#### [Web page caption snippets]
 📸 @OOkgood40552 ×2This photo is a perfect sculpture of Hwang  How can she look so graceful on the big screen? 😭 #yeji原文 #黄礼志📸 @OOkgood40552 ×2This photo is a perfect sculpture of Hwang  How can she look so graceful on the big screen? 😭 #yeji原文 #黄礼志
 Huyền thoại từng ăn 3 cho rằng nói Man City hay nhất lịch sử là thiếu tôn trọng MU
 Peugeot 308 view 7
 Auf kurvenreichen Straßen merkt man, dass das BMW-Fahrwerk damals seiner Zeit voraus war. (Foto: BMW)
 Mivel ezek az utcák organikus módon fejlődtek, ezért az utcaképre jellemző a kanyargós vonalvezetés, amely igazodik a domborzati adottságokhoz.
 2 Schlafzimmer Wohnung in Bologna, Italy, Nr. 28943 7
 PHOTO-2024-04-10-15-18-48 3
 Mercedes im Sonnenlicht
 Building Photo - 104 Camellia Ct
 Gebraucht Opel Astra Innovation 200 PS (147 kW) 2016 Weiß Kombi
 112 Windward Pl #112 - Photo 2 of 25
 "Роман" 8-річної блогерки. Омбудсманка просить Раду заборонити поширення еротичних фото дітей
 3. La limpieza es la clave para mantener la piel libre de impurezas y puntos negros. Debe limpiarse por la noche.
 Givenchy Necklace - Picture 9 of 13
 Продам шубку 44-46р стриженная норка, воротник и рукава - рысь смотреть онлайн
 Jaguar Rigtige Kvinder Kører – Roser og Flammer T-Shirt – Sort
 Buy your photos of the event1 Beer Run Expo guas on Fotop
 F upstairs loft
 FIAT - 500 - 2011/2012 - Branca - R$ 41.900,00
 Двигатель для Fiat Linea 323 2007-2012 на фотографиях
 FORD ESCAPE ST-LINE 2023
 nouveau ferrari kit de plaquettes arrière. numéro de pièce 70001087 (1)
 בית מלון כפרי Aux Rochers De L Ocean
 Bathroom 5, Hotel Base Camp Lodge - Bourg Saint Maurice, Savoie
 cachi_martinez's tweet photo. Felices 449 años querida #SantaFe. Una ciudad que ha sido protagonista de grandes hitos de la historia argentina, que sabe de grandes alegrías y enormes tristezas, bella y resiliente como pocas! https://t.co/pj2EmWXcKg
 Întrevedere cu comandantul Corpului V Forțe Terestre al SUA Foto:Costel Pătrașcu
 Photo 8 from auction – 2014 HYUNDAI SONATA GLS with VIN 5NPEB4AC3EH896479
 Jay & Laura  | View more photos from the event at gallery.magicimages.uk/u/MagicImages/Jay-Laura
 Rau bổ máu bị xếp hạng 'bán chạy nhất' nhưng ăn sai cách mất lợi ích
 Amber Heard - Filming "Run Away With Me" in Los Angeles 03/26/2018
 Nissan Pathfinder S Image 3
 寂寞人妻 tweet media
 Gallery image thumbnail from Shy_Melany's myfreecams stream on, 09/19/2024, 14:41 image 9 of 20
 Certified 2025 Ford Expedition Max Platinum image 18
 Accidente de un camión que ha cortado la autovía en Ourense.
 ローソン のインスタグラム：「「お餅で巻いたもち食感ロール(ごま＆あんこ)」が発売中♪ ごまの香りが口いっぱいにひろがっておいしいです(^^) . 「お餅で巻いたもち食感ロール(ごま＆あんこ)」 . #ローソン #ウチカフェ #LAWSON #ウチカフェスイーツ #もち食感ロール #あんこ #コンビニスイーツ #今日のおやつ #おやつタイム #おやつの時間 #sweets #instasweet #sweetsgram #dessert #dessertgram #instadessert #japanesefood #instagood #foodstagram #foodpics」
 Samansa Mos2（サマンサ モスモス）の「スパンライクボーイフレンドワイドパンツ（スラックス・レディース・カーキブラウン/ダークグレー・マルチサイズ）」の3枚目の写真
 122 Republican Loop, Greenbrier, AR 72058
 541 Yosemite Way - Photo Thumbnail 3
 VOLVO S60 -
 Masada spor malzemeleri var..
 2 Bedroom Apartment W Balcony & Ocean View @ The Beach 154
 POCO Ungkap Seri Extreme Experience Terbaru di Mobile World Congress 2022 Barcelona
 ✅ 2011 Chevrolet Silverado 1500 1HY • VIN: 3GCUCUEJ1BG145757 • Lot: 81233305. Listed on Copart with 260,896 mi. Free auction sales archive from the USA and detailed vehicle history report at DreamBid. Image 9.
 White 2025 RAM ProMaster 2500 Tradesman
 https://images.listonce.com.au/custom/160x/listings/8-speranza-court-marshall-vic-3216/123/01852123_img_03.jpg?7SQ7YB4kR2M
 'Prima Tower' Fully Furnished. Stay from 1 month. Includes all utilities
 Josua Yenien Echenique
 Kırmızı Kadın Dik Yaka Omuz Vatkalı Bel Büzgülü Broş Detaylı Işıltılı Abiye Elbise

#### [Task statement]
Every line from the line containing "Buy your photos" through the line containing "寂寞人妻 tweet media" in the records above must be retyped exactly. Leave out the rest.

#### [Response to the exercise]
 Buy your photos of the event1 Beer Run Expo guas on Fotop
 F upstairs loft
 FIAT - 500 - 2011/2012 - Branca - R$ 41.900,00
 Двигатель для Fiat Linea 323 2007-2012 на фотографиях
 FORD ESCAPE ST-LINE 2023
 nouveau ferrari kit de plaquettes arrière. numéro de pièce 70001087 (1)
 בית מלון כפרי Aux Rochers De L Ocean
 Bathroom 5, Hotel Base Camp Lodge - Bourg Saint Maurice, Savoie
 cachi_martinez's tweet photo. Felices 449 años querida #SantaFe. Una ciudad que ha sido protagonista de grandes hitos de la historia argentina, que sabe de grandes alegrías y enormes tristezas, bella y resiliente como pocas! https://t.co/pj2EmWXcKg
 Întrevedere cu comandantul Corpului V Forțe Terestre al SUA Foto:Costel Pătrașcu
 Photo 8 from auction – 2014 HYUNDAI SONATA GLS with VIN 5NPEB4AC3EH896479
 Jay & Laura  | View more photos from the event at gallery.magicimages.uk/u/MagicImages/Jay-Laura
 Rau bổ máu bị xếp hạng 'bán chạy nhất' nhưng ăn sai cách mất lợi ích
 Amber Heard - Filming "Run Away With Me" in Los Angeles 03/26/2018
 Nissan Pathfinder S Image 3
 寂寞人妻 tweet media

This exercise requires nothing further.